S'entendant parler, elle se mit à rire nerveusement.

« Je sais comment tout ceci doit sonner... », dit-elle en triturant la manche de sa chemise.

Lavande répondit au quart de tour, sur un ton léger, sans doute destiné à dissiper la gêne d'Hermione.

« Comme la dernière romance entre anciens ennemis que j'ai lue ? »

Hermione leva les yeux au ciel.

« Comme Juliette s'étonnant que son unique amour émane de son unique haine ? Comme un remake inattendu d'Orgueil et Préjugés ?, poursuivit Lavande avec un petit sourire en coin.
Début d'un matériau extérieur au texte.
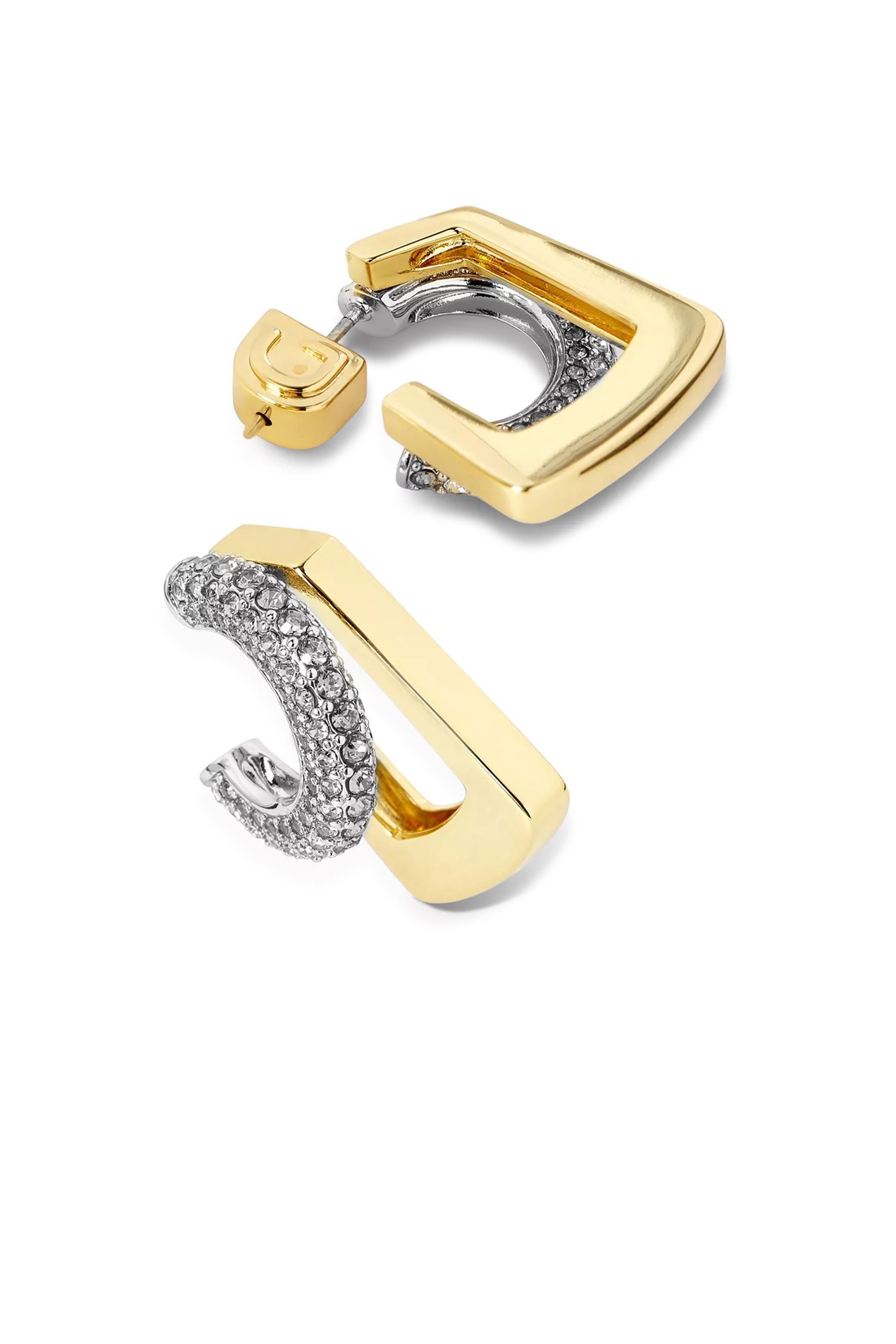  Tina Mini Pav&eacute; Earrings,  12K Gold Plated Brass & Crystals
- Je pensais plutôt à « cliché » ou « ridicule », à vrai dire. Je sonne comme un mauvais poème sentimental. »

Lavande fit une mine offensée.

« Hermione Granger, seriez-vous en train de critiquer Shakespeare et Austen ?

- Loin de moi cette idée, rétorqua Hermione en souriant. C'est que… je sais combien parler d'amour peut sonner cliché. Il y a encore peu de temps, je ne comprenais pas non plus. »

Lavande la considéra en silence avant de répondre :

« Parler d'amour ne sonne cliché qu'aux oreilles de ceux qui n'ont jamais été amoureux. Mais rassure-toi, je comprends. »

Hermione hocha doucement de la tête.

« Je te taquine avec ces histoires de romans d'amour, Hermione, mais plus sérieusement... Je dois te demander : Malfoy, il ne t'a jamais fait de mal, il ne t'a jamais insultée, depuis que vous vous fréquentez ?

Son visage reflétait cette fameuse inquiétude de jeune fille trop sage pour son âge.

« Jamais », assura-t-elle.

Les épaules de Lavande se décrispèrent légèrement.

« Malfoy aurait donc changé ?

- Quelque chose a changé en lui, oui. Je crois qu'il tente encore de démêler tout ce que cela implique. Je suppose qu'on peut dire que… je compte parmi ces implications.

- Je vois, fit Lavande, l'air songeuse. Et toi, as-tu changé ? »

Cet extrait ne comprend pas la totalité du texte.